Task brief:
Here the job is to transcribe the data verbatim while leaving each picture out.

Information supplied:
• • • • •
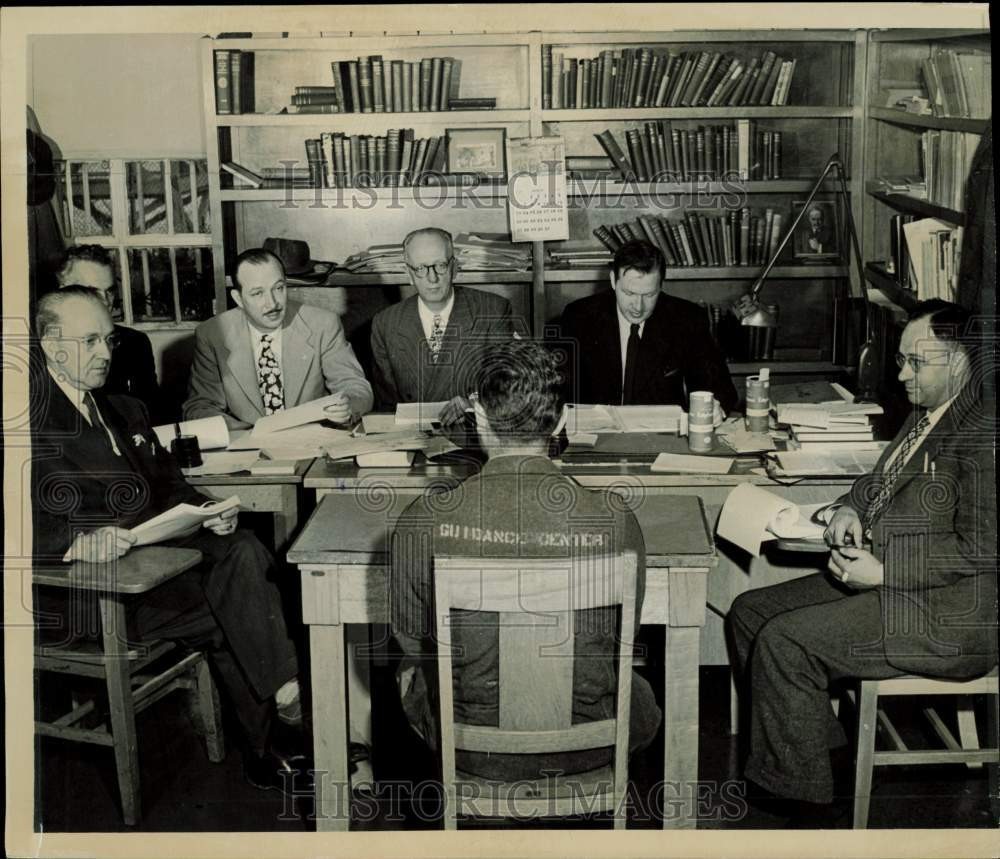 Press Photo Classification Session for Prison Inmate After Guidance Center Stay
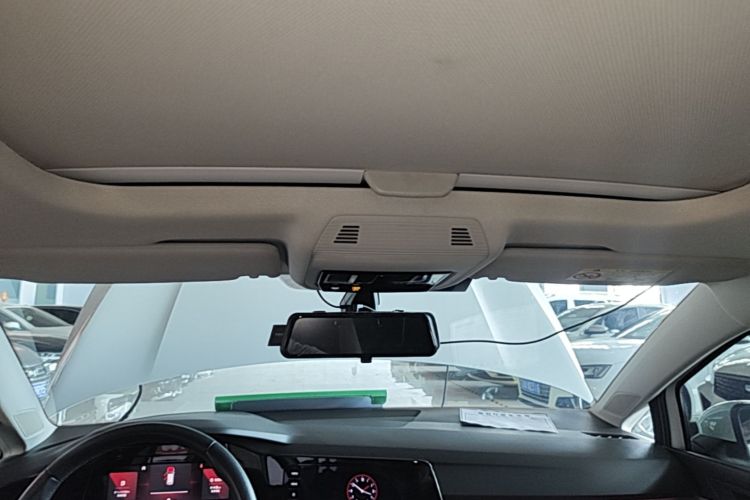 Volkswagen Golf 2021 car image #18
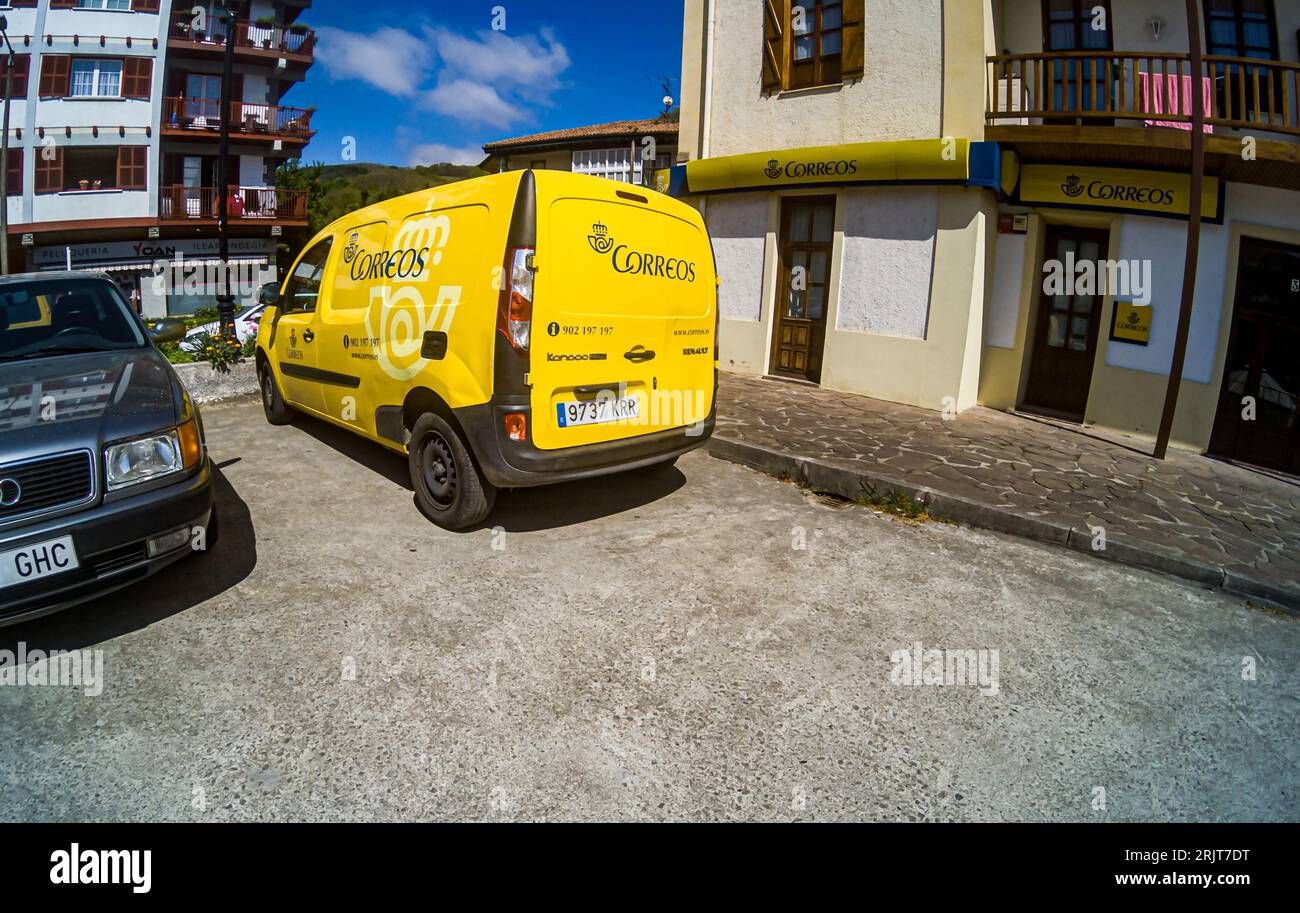 Une photo dynamique représentant le véhicule de livraison Correos Banque D'Images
• • • • •
Output below:
 Press Photo Classification Session for Prison Inmate After Guidance Center Stay
 Volkswagen Golf 2021 car image #18
 Une photo dynamique représentant le véhicule de livraison Correos Banque D'Images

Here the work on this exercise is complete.